Ø To strengthen health systems we need to address issues such as
privatization, commercialization and top down vertical programmes.
Ø Studies and experience reveal the chaos in prescription practices and
treatment , including of HIV/AIDS, in the private sector, which is large and
largely unregulated in many parts of the world. A health system approach
would include regulation and accreditation mechanisms in both the public and
private sector to prevent the profit motive from undermining the right to
health care.
Ø Despite the Macroeconomic Commission on Health, health budgets are
steadily declining In India the public sector on average spends 4 to 8 US
Dollars per capita per year on health. In this context women do not receive
good antenatal care and treatment for anemia. Are they likely to get good
quality ART?
Ø The complexity of administering toxic ART drug regimens through these
week systems to chronically undernourished people is enormous. ARVs are not
toffees to be handed around. Non-adherence and treatment dropout rates are
high, case-finding is low and counseling is notional. HIV transmission through
poor health care practices is an issue needing greater attention.

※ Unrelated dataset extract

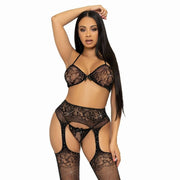 Brilliant Set - Reggiseno, Perizoma e Collant con apertura inguinale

Ø It is necessary to make transparent and available all country related
criteria for patient selection; and to promote adoption of common treatment
guidelines and procedures by all multi-lateral institutions, donors and NGOs.
Ø There is a need to monitor the systems wide effect of the 3x5
initiative.
Ø To conclude, rather than looking at the problem through the disease
prism of HIV/AIDS, TB and malaria alone; could we also look through the primary
health care lens and the basic determinants of health prism, in order to place
the response to HIV/AIDS in context.